===== Dataset content
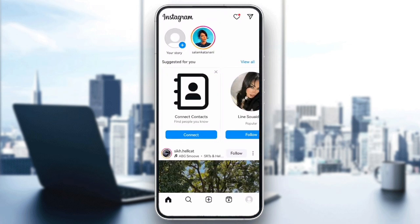If none of these steps work, Instagram might have temporarily limited your account due to aggressive following activity. Wait between 24 and 48 hours and try again.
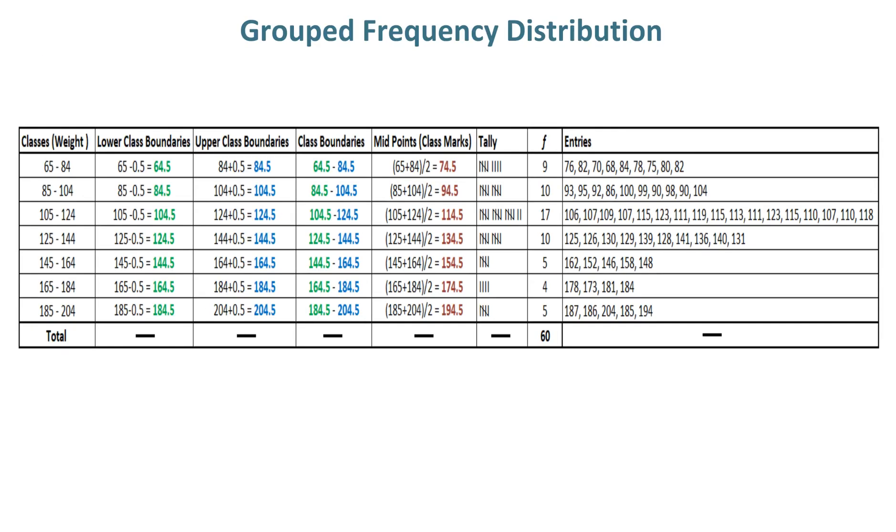Here you can see class weights which are class limits that are given in first column. After that, compute lower class boundaries by subtracting 0.5 from lower class limits to get lower class boundaries in second column.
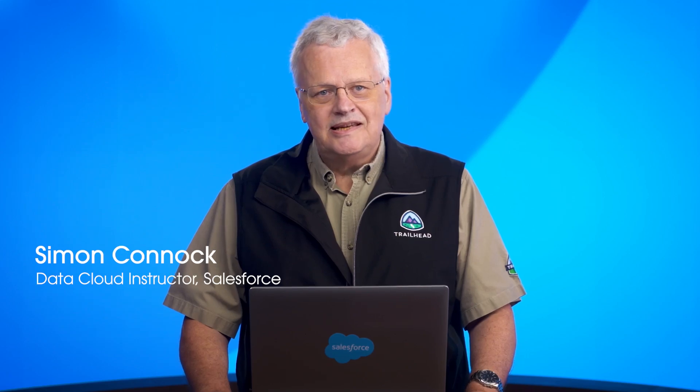Welcome to the Data Cloud video series brought to you by Salesforce. My name is Simon Connock. I'm a Data Cloud instructor here at Salesforce. In this video, you'll use tools available in Data Cloud UI to inspect and validate ingested and modeled data.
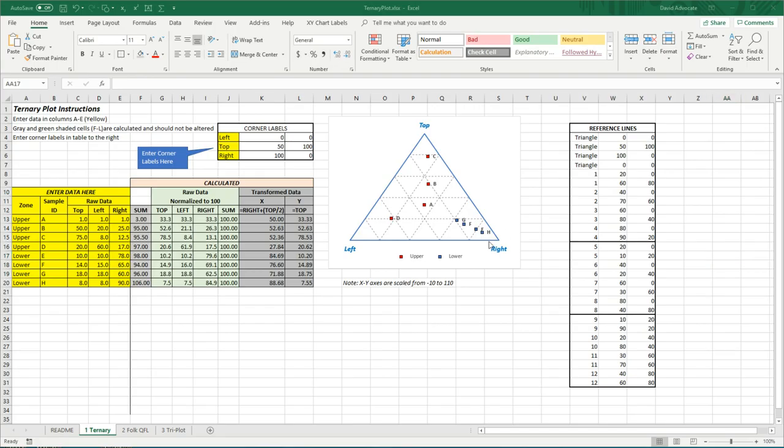Ternary diagrams, such as the one that we see here, are very useful in geoscience and easily made in Excel. These plots are often used for plotting petrographic data or geochemical data.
==========
All of the listing should be transcribed exactly, but none of its images.

If none of these steps work, Instagram might have temporarily limited your account due to aggressive following activity. Wait between 24 and 48 hours and try again.
Here you can see class weights which are class limits that are given in first column. After that, compute lower class boundaries by subtracting 0.5 from lower class limits to get lower class boundaries in second column.
Welcome to the Data Cloud video series brought to you by Salesforce. My name is Simon Connock. I'm a Data Cloud instructor here at Salesforce. In this video, you'll use tools available in Data Cloud UI to inspect and validate ingested and modeled data.
Ternary diagrams, such as the one that we see here, are very useful in geoscience and easily made in Excel. These plots are often used for plotting petrographic data or geochemical data.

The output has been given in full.